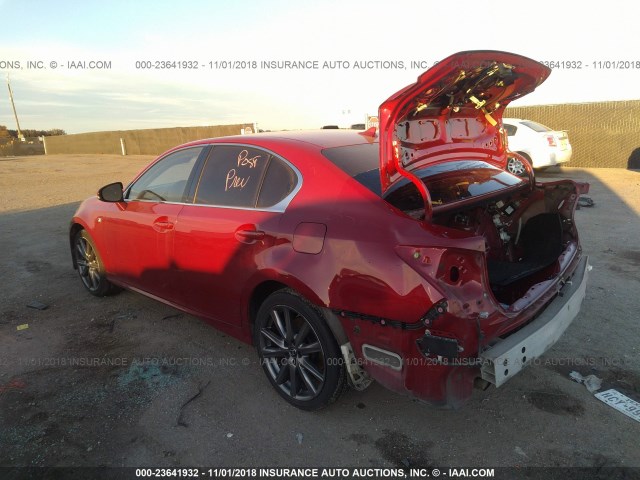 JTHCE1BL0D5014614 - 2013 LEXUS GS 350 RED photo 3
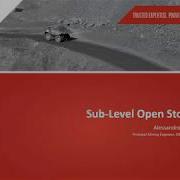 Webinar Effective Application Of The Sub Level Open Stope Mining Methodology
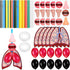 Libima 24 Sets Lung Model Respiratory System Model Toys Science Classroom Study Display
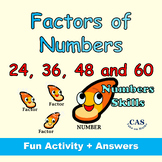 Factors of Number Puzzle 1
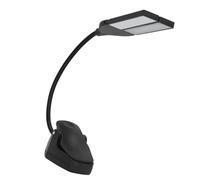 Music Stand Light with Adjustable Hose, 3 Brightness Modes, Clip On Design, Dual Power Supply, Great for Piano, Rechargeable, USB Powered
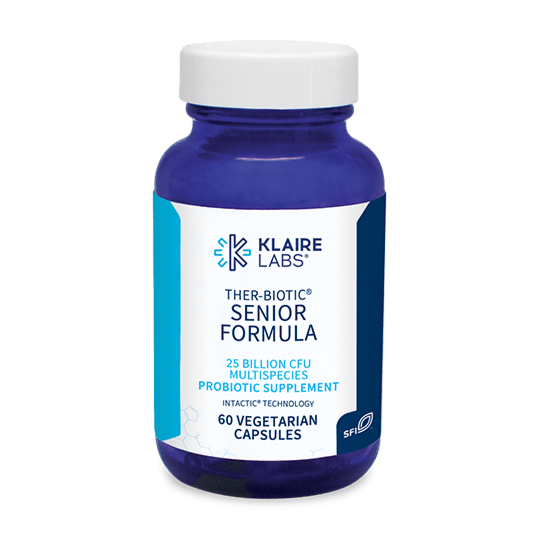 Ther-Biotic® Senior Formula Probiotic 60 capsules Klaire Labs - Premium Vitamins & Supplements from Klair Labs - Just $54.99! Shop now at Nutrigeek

= = = =

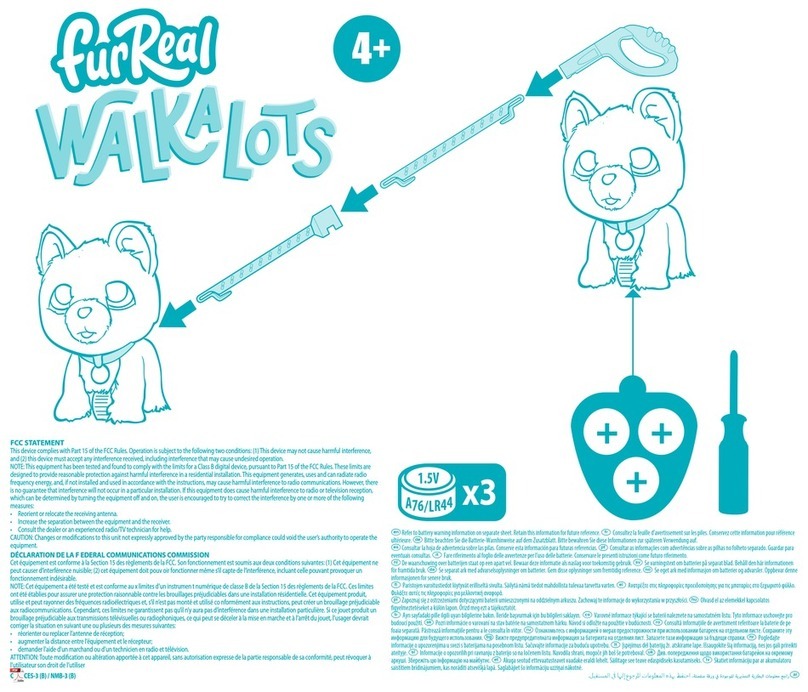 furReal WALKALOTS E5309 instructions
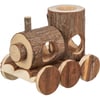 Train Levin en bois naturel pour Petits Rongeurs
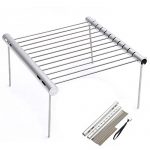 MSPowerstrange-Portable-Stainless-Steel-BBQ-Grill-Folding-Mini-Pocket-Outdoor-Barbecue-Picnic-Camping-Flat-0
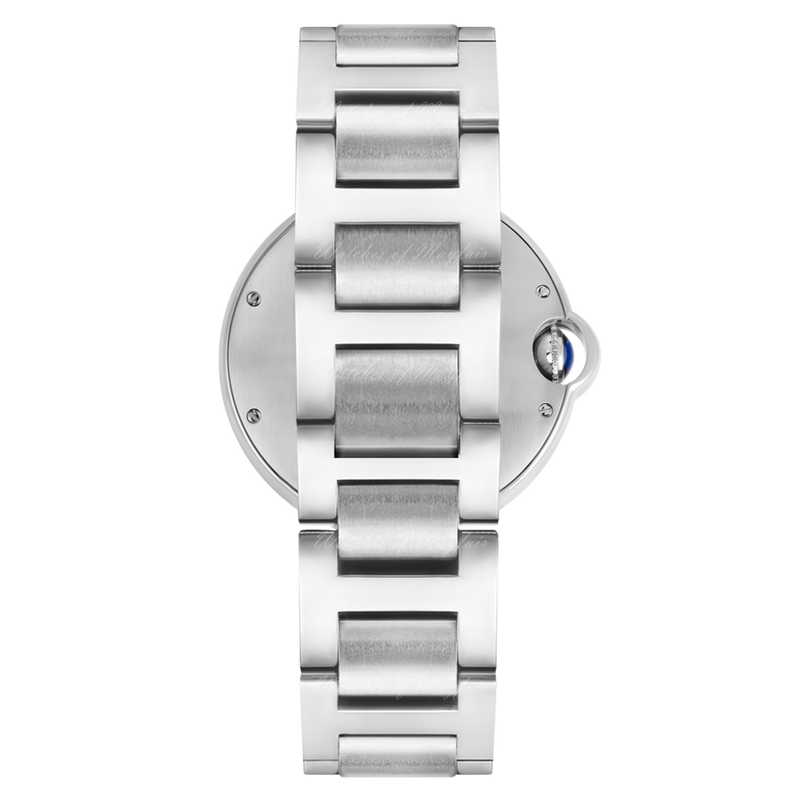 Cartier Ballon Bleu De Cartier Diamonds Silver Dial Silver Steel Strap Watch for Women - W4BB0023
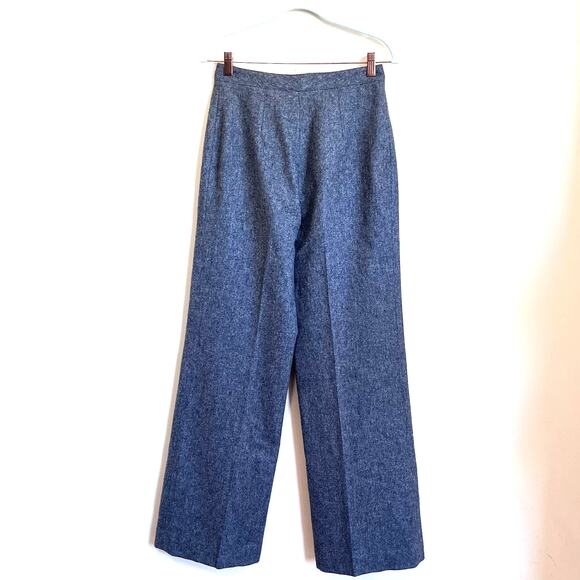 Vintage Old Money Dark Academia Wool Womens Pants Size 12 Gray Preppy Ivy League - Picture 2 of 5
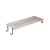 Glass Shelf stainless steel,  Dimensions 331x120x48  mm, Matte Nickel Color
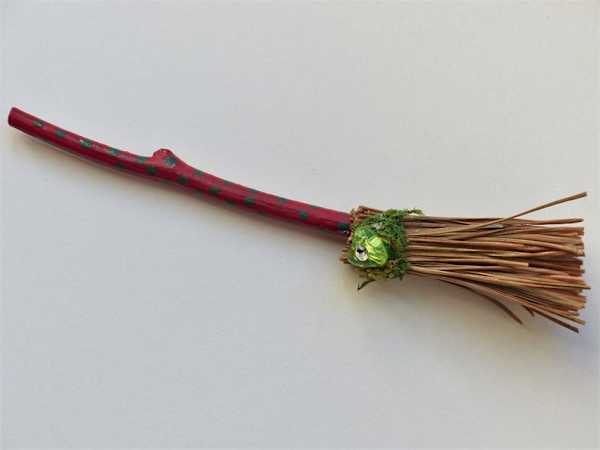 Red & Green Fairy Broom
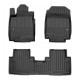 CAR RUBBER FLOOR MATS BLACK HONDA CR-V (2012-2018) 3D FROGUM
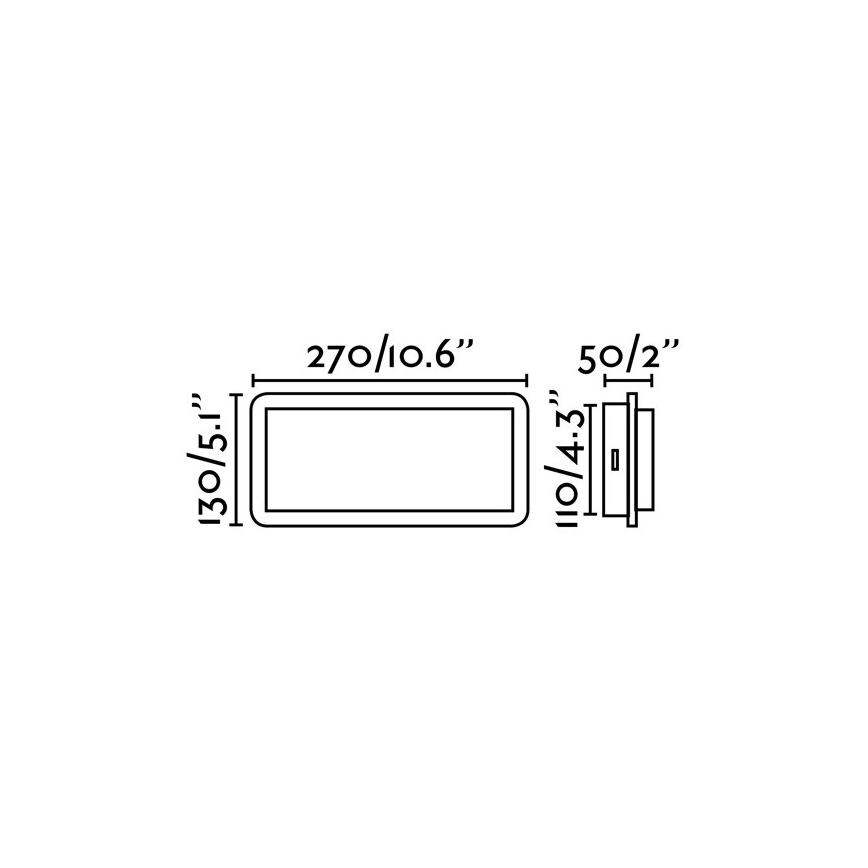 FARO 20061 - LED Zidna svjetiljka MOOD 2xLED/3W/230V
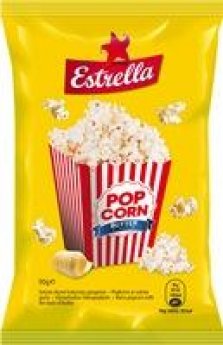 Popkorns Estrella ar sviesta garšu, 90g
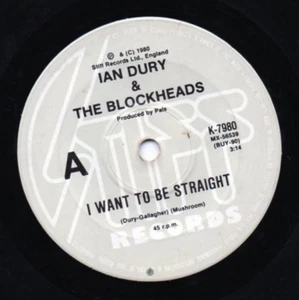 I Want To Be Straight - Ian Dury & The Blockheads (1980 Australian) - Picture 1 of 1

= = = =

## WHAT NEEDS TO BE DONE
When you reach the line holding "JTHCE1BL0D5014614 - 2013" in the listing above, begin retyping exactly, and stop once the line holding "Ther-Biotic® Senior Formula" is done; pictures stay out.

## SOLUTION TO THE PROBLEM
 JTHCE1BL0D5014614 - 2013 LEXUS GS 350 RED photo 3
 Webinar Effective Application Of The Sub Level Open Stope Mining Methodology
 Libima 24 Sets Lung Model Respiratory System Model Toys Science Classroom Study Display
 Factors of Number Puzzle 1
 Music Stand Light with Adjustable Hose, 3 Brightness Modes, Clip On Design, Dual Power Supply, Great for Piano, Rechargeable, USB Powered
 Ther-Biotic® Senior Formula Probiotic 60 capsules Klaire Labs - Premium Vitamins & Supplements from Klair Labs - Just $54.99! Shop now at Nutrigeek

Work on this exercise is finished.